While both extensions are not complete, one should first be clear about (1) that there indeed exists a difference in the prediction result between the two methods, and (2) that this difference has nothing to do with whether the GPT-2 model can see the so-called "future tokens" that have not been generated (i.e., $6^{(m)}$ has never appeared in the above equations for any $m$).
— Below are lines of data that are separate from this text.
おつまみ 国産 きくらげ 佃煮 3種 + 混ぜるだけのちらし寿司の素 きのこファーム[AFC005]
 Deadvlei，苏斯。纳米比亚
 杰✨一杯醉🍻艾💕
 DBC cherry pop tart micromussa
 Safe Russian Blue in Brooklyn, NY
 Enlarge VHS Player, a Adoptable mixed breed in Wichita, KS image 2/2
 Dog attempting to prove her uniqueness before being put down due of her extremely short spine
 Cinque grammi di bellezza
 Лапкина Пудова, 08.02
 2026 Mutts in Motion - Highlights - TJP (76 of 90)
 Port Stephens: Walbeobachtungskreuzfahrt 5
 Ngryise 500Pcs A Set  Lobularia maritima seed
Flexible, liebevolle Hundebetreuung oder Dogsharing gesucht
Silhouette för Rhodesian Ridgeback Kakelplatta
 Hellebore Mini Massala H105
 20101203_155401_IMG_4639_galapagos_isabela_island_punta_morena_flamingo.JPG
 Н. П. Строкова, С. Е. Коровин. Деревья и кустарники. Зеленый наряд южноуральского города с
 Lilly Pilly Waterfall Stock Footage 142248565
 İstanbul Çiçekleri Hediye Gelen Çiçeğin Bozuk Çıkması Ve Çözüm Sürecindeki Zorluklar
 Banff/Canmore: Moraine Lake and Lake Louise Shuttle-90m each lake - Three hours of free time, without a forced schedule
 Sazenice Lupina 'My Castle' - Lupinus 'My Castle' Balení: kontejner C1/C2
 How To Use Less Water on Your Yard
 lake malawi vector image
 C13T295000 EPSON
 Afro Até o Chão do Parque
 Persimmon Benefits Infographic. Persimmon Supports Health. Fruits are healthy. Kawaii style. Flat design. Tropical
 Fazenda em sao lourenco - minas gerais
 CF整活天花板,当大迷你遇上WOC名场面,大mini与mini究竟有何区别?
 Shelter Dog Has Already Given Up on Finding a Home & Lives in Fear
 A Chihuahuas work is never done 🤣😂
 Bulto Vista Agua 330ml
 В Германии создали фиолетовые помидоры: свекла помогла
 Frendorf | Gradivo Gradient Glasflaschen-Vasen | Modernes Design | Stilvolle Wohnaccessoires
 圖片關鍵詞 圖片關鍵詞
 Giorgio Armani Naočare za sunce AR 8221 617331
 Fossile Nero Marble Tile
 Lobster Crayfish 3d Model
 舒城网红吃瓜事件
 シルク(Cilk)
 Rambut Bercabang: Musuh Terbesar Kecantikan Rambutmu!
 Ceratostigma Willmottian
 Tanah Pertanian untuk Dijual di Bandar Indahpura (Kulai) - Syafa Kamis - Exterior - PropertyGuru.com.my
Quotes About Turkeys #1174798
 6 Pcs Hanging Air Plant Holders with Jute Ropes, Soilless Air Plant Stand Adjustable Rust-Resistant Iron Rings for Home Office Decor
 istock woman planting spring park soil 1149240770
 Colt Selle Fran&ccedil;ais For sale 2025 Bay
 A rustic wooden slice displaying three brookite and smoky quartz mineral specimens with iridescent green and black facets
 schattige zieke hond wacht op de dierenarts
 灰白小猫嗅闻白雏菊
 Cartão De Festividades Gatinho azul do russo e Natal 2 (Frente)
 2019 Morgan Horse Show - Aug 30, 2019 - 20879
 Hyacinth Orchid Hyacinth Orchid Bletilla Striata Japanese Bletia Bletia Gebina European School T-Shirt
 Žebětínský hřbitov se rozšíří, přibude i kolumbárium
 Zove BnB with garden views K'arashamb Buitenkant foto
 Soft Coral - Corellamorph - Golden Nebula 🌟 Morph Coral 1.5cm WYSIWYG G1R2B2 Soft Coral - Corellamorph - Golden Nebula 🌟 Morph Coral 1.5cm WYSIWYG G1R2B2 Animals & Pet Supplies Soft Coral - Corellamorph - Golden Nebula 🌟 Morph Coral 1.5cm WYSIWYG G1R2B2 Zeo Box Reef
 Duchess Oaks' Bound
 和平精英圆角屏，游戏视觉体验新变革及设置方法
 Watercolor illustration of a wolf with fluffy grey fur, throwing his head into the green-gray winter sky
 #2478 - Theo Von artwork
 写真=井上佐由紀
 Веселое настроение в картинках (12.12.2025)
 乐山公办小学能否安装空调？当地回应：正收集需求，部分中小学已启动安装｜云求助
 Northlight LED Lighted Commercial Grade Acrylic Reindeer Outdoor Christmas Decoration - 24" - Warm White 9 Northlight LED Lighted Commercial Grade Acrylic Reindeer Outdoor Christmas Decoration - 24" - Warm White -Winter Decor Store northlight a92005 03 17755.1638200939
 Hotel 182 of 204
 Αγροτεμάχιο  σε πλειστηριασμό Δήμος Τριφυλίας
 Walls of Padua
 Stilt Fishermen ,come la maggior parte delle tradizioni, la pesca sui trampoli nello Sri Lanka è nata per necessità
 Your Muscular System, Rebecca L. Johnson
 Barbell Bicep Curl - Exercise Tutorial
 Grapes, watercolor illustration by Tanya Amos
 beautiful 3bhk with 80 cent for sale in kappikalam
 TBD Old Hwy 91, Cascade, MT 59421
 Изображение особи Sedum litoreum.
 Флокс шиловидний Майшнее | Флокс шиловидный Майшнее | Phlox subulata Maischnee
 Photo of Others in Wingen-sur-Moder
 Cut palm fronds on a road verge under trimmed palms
But why the result inferred with causal masking is preferred over that without? It is because that way is exactly how the shipped version of GPT-2 is pre-trained. In other words, it is more comfortable to predict the 6th token with

$\{ \{1^{(4)}\}, \{1^{(4)}, 2^{(4)}\}, \{1^{(4)}, 2^{(4)}, 3^{(4)}\}, \{1^{(4)}, 2^{(4)}, 3^{(4)}, 4^{(4)}\}, \{1^{(4)}, 2^{(4)}, 3^{(4)}, 4^{(4)}, 5^{(4)}\} \},$

instead of

$\{ \{1^{(4)}, 2^{(4)}, 3^{(4)}, 4^{(4)}, 5^{(4)}\}, \{1^{(4)}, 2^{(4)}, 3^{(4)}, 4^{(4)}, 5^{(4)}\}, \{1^{(4)}, 2^{(4)}, 3^{(4)}, 4^{(4)}, 5^{(4)}\}, \{1^{(4)}, 2^{(4)}, 3^{(4)}, 4^{(4)}, 5^{(4)}\}, \{1^{(4)}, 2^{(4)}, 3^{(4)}, 4^{(4)}, 5^{(4)}\} \}.$

Finally, one might wonder why the GPT2 has to be trained in this way. It is about efficiency. For prediction in the former way, all the $1^{(4)}$'s, $2^{(4)}$'s, $3^{(4)}$'s, and $4^{(4)}$'s are identical to what were generated in previous iterations and thus can be cached and reused. However, this is not the case for the latter way. To see that, note that all the $1^{(4)}$'s, $2^{(4)}$'s, $3^{(4)}$'s, and $4^{(4)}$'s in the latter way contain information about the 5th token, which are not possible to compute in previous iterations.

In my understanding, causal masking is indeed for hiding future tokens. However, "future tokens" do not narrowly refer to what has not been generated yet. Instead, for a particular token, they refer to all the succeeding tokens including those that have already been generated and not.

0

Following the above comment by @Zhifeng , I don't get why are you assuming that the causal masking will make the first token not see the prebious prompt tokens? How will it generate then?

And if it's not the prompt token then those tokens have already been generated, i.e the querry will still see them, that's how decoder only model was trained on the first place. I don't get it why you have only put 1 token in layer 1.